How to show rows where date is equal to every 7 days from a specific day

Question

I'd like to show every row where date_added equals '2015-02-18' and every seven days after, so '2015-02-25' and '2015-03-04' etc..

here's what I have so far

select * from table 
    where ((to_char(date_added, 'j')) / 
    ((select to_char(d,'j') from (select date '2015-02-18' d from dual)))) = 1

That gets me the first desired date, however I'm stuck as to how to express it to show the next 7 days as a step additive function.

Any help is appreciated. Thank you.

Answer 1

I like Gordon's "mod()" solution but he's missing part of the requested solution.

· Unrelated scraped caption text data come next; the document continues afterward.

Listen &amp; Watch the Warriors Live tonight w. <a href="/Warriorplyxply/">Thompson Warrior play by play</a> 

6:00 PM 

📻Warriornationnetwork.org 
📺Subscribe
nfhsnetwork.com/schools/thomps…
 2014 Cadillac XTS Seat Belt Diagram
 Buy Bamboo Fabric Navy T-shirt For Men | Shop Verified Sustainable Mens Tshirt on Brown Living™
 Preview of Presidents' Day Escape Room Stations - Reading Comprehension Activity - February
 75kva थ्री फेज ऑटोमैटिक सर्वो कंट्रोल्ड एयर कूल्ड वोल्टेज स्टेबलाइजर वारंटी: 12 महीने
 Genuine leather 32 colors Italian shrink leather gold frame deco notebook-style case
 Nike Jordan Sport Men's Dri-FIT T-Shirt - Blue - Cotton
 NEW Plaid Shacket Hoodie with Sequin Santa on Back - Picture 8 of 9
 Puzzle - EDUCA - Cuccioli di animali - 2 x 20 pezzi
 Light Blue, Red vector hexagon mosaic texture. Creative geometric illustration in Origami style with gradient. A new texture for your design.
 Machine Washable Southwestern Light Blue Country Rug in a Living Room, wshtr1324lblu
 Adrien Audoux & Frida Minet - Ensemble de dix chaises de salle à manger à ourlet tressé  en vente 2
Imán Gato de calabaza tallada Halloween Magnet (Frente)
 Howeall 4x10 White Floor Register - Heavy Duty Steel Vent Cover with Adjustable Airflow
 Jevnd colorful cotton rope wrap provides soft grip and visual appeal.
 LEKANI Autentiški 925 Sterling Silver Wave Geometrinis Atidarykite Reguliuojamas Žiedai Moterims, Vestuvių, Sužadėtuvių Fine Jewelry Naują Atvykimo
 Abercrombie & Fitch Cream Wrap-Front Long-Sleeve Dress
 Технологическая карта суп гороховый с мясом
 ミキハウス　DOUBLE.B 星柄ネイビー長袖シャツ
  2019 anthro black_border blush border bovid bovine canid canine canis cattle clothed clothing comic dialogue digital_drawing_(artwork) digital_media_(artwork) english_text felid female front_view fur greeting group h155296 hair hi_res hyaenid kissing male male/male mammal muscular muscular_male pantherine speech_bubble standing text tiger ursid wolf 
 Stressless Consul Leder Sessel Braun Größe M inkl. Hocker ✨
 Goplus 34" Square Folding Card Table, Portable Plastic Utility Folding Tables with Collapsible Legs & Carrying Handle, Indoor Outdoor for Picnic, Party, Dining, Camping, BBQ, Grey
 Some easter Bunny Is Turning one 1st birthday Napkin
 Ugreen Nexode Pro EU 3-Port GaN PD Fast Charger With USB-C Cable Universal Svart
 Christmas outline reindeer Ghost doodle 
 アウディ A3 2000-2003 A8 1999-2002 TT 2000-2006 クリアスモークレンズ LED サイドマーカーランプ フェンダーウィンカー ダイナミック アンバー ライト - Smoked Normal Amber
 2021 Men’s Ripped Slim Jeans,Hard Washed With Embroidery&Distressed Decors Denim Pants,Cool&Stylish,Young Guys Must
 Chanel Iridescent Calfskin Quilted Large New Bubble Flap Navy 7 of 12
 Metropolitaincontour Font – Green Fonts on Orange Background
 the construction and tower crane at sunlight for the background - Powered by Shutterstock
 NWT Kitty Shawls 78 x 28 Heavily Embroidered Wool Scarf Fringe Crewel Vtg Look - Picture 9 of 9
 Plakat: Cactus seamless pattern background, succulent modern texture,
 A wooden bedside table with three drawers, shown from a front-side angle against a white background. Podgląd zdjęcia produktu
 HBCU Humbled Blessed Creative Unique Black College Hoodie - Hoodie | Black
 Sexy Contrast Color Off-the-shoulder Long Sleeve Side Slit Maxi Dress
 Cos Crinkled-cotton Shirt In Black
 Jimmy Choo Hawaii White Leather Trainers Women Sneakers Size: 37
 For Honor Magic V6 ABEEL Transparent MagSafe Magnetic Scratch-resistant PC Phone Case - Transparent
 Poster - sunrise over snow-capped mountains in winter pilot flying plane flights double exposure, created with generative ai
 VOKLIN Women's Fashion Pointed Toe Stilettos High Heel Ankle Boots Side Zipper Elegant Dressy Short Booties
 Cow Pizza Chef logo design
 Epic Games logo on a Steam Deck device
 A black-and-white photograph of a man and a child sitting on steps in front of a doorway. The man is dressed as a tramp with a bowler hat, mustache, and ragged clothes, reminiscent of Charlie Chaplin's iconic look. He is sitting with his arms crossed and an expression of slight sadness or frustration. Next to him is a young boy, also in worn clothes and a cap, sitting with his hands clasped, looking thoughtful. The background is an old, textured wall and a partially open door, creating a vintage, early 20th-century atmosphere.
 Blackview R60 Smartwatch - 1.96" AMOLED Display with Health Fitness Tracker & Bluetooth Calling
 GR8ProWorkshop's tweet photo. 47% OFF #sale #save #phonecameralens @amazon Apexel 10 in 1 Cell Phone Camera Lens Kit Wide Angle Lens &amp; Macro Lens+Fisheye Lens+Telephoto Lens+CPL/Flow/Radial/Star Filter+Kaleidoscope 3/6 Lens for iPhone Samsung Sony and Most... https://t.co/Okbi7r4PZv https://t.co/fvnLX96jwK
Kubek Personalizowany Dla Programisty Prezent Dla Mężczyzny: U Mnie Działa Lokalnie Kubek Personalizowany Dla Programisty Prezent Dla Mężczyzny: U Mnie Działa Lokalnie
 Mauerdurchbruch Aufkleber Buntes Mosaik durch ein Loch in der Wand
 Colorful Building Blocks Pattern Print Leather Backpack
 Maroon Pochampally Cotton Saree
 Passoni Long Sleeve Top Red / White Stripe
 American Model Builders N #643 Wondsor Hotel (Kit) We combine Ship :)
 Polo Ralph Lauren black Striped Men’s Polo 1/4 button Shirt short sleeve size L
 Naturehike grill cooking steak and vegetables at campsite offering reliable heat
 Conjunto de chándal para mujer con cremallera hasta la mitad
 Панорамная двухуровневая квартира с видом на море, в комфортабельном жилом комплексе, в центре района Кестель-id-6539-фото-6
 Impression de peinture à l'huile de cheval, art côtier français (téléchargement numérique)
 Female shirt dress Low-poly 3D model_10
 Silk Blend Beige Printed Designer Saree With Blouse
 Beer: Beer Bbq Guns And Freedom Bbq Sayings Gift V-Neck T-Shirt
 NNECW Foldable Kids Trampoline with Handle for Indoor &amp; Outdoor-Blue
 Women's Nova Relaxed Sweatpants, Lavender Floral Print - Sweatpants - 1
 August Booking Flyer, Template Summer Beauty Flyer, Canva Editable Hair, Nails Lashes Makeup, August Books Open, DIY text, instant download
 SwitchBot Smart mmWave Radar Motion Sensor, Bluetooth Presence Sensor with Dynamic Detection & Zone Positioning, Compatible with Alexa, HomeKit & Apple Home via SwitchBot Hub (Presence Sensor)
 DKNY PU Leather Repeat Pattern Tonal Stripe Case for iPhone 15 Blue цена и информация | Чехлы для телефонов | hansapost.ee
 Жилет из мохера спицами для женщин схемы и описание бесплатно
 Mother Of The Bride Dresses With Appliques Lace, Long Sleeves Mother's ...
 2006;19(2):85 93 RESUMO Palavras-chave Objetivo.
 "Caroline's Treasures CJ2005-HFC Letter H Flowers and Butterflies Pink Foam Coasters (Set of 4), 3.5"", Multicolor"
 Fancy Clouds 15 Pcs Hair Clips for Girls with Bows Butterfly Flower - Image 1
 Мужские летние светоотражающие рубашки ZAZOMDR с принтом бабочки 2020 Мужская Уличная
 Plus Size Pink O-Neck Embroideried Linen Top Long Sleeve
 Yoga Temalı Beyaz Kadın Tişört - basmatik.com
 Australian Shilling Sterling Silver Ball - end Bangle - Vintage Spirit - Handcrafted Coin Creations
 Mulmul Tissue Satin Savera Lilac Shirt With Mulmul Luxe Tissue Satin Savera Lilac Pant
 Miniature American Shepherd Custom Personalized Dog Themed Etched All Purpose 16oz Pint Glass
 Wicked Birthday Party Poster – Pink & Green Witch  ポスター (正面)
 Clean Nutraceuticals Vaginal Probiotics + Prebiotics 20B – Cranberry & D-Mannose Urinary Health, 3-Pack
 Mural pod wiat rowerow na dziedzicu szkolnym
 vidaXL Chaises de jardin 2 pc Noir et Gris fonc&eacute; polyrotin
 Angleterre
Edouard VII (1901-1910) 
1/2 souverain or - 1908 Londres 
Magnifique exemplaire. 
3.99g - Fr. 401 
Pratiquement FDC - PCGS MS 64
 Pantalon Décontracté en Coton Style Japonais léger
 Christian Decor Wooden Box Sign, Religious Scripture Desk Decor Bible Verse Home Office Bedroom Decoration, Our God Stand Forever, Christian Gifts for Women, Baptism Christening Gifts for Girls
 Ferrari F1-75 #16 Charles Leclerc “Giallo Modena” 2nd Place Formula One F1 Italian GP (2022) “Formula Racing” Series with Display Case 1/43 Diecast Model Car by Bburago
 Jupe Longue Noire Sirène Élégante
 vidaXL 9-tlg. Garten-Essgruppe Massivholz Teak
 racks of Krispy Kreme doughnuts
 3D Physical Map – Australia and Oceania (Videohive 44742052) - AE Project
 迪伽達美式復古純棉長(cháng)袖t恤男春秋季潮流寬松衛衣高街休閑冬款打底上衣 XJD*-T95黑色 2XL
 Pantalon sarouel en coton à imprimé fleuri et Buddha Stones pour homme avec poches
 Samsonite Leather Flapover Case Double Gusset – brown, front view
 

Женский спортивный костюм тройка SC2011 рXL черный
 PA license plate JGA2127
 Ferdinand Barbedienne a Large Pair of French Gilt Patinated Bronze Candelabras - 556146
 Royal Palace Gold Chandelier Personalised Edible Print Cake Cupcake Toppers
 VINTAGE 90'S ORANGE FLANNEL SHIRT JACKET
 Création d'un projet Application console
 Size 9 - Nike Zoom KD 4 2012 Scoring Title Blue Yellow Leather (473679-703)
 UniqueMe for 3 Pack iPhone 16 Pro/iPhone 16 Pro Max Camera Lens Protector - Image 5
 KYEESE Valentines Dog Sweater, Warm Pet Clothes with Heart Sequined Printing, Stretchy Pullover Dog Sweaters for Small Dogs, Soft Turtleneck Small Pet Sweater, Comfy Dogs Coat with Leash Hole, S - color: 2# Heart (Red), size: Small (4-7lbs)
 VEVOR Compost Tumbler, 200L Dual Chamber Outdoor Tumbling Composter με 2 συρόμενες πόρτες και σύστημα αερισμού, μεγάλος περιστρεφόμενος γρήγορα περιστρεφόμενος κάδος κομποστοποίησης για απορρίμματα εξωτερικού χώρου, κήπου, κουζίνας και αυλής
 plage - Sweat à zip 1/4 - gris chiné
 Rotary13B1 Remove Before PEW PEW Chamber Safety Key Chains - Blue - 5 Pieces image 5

In this case, I have a "calendar" table that includes a series of dates:

http://www.perpendulum.com/2012/06/calendar-table-script-for-oracle/

select *
  from calendar
  where date_time_start >= to_date('01-Jan-2013') 
    and mod(trunc(date_time_start) - to_date('01-Jan-2013'), 7) = 0;

Per the original question, you want records where the dates are equal to a given date and every seven days thereafter.

Answer 2

One way to do this is with mod():

select *
from table
where mod(date_added - date '2015-02-18', 7) = 0;

Note: this assumes that the dates have no time component. If they do, then use trunc() to get rid of it.